## CD/Stepper/Servo motor how-to

7 posts / 0 new
Author
Message

I'm a newbie. I see DC motors, stepper motors, servo motors being used in projects. I'd like to know the advantages and disadvantages (circuit complexity, cost, programming) of each.

My son is interested in using 2313's along with K'nex & Legos to build some creative robotic ideas. I have some old CDRom drives and 5.25 floppy drives that have motors and steppers but have no clue where to go from here.

Any input or referrals to info would be greatly appreciated.

Thanks,

Marc Brule

Simple questions can have such involved answers!

Big differences between DC, stepper, and servo motors.

Basically a DC motor spins when you put power to it. Reverse the polarity and most will spin the other direction. But in general, and unless specified, a DC motor has no feedback, no way of knowing how many revolutions it has turned, etc. You have to add extra circuitry to do that - and DC motors are generally what is used in servo motors.

A servo motor will have feedback and an error minimization circuit of some kind. I'm speaking of servos similar to what are used in model aircraft, cars, etc and are available at hobby stores. There are other definitions of servo motors but I'll use this one. Anyway, you provide a signal of some kind to the servo motor (pulse width, voltage, etc) and the output of the servo will move to a position that corresponds to that pulse width, voltage, etc. In the servo is a circuit that monitors some transducer attached to the output shaft and compares it's value with the control value and applies a voltage to the motor that will serve to minimize the error. In the case of standard hobby servos, you give them a periodic pulse width of 1.0 to 2.0 milliseconds and the output arm will move trough an arc of about 90 degrees. Many variations are possible though but servos are frequently used for positioning - like the control surfaces in a model (or real) aircraft.

Stepper motors are cogging DC motors that don't have commutation. No brushes to keep it turning in one direction when voltage is applied. What you do is use an external circuit to sequentially energize windings which causes the rotor to incrementally move. You can stop a stepper motor and have a pretty high torque that will resist any further movement. Also, since you can generally count on the rotor moving as commanded, many stepper applications don't need encoders once you find "home". You just count steps one way and back and as long as the load never exceeds the ability of the motor to turn, you will know where the rotor is and whatever is attached to it. Steppers are very common in printers and allow precise positioning of the print head.

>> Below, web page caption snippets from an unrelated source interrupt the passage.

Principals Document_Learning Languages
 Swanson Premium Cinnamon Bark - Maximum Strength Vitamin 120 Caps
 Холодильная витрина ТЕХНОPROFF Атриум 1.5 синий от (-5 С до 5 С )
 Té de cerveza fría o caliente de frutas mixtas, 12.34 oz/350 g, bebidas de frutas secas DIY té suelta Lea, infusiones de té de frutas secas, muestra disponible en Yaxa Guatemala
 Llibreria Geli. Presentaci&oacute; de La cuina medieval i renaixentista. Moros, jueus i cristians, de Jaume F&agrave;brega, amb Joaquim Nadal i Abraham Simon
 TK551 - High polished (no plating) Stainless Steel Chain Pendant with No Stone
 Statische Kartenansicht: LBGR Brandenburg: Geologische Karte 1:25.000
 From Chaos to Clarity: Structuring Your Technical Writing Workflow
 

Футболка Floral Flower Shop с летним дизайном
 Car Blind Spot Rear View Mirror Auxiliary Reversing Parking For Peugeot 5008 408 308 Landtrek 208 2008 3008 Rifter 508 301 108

DC motors generally need a gear drive to be useful in robotics. You also need to add things like limit switches or encoders to know where they are positioned or what they are doing. A servo already includes those things and is useful for positioning things like arms. Also a PWM signal is pretty easy to generate directly out of a micro. Steppers need external current drive circuitry but there are chips designed specifically to do this. Just give them a direction bit and a clock and they step a step in that direction each clock pulse. Using those you can control speed by setting the frequency of the clock. Handy for the drive wheels.

Hope this helps...

No way the stepper of a CD rom drive can produce the torque you need to drive LEGO robots, believe me, i know. The best way to go when building LEGO hobby robots are the small 9V DC Disc Motors that LEGO sells. They still need a lot of reduction in order to get things going but they can very easely be controlled by the 2313 and a L293 In order to get some feedback from the motor you could use something like OMRON's SX240 sensor.

HTH...

I don't know what the torque of a CD rom stepper motor is, you probably don't know either. So for this example lets assume it is 0.1 oz.

Lets take that 0.1 oz. of torque and run it through a 10-to-1 gear set. Leaving out the loss from friction, that would give us 1.0 oz. of torque and a speed reduction of 10 to 1.

Now, lets take that 1.0 oz. of torque and run it through another 10-to-1 gear set. Again leaving out the loss from friction, that would give us 10 oz. of torque and a speed reduction of 100 to 1.

Now if half of all this torque is lost in friction, doubtful but we a just supposing, that leaves 5 oz. of torque. That should be enough to get him started. Later on he can look around and can probably come up with a better motor.

Granted it won't be a speed demon but it should work.

If you come across a 8 in. drive... Those things had much heaver stepper motors in them...

Mike

Of course, a sufficiently motivated person could build their own. These guys do (for RC flying)--http://groups.yahoo.com/group/lr.... Some of them have empirical torque data on their web sites.

To the question of "where to go", I'd suggest taking a look at Matt Gilliand's "Microcontroller Application Cookbook" (there are a few simple motor lashups in each of the two volumes). For greater depth, try Bill Davies "Electric Motors and Mechanical Devices for Hobbyists and Engineers".